**PROBLEM**
Your answer must be the full set of records, repeated exactly.

**AVAILABLE DATA**
────────────────────

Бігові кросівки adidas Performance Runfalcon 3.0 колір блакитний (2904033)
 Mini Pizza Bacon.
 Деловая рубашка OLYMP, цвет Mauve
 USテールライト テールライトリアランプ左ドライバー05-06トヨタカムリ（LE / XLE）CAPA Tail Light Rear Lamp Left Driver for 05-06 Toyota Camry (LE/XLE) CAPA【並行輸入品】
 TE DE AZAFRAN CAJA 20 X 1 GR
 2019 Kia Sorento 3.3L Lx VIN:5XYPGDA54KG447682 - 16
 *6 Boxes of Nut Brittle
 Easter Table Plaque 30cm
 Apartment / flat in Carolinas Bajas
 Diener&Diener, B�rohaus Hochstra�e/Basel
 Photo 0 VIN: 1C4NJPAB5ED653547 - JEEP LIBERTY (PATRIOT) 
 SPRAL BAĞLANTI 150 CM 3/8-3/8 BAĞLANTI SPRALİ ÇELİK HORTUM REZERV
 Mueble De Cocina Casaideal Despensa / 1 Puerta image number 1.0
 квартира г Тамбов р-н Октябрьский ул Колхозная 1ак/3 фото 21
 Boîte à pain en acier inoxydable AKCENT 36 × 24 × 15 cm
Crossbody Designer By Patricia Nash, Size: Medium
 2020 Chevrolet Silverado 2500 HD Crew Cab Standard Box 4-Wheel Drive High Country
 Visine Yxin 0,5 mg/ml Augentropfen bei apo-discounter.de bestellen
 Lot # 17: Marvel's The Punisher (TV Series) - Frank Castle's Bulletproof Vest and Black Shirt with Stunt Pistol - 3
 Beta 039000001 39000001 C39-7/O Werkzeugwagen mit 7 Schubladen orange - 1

────────────────────

**SOLUTION**
Бігові кросівки adidas Performance Runfalcon 3.0 колір блакитний (2904033)
 Mini Pizza Bacon.
 Деловая рубашка OLYMP, цвет Mauve
 USテールライト テールライトリアランプ左ドライバー05-06トヨタカムリ（LE / XLE）CAPA Tail Light Rear Lamp Left Driver for 05-06 Toyota Camry (LE/XLE) CAPA【並行輸入品】
 TE DE AZAFRAN CAJA 20 X 1 GR
 2019 Kia Sorento 3.3L Lx VIN:5XYPGDA54KG447682 - 16
 *6 Boxes of Nut Brittle
 Easter Table Plaque 30cm
 Apartment / flat in Carolinas Bajas
 Diener&Diener, B�rohaus Hochstra�e/Basel
 Photo 0 VIN: 1C4NJPAB5ED653547 - JEEP LIBERTY (PATRIOT) 
 SPRAL BAĞLANTI 150 CM 3/8-3/8 BAĞLANTI SPRALİ ÇELİK HORTUM REZERV
 Mueble De Cocina Casaideal Despensa / 1 Puerta image number 1.0
 квартира г Тамбов р-н Октябрьский ул Колхозная 1ак/3 фото 21
 Boîte à pain en acier inoxydable AKCENT 36 × 24 × 15 cm
Crossbody Designer By Patricia Nash, Size: Medium
 2020 Chevrolet Silverado 2500 HD Crew Cab Standard Box 4-Wheel Drive High Country
 Visine Yxin 0,5 mg/ml Augentropfen bei apo-discounter.de bestellen
 Lot # 17: Marvel's The Punisher (TV Series) - Frank Castle's Bulletproof Vest and Black Shirt with Stunt Pistol - 3
 Beta 039000001 39000001 C39-7/O Werkzeugwagen mit 7 Schubladen orange - 1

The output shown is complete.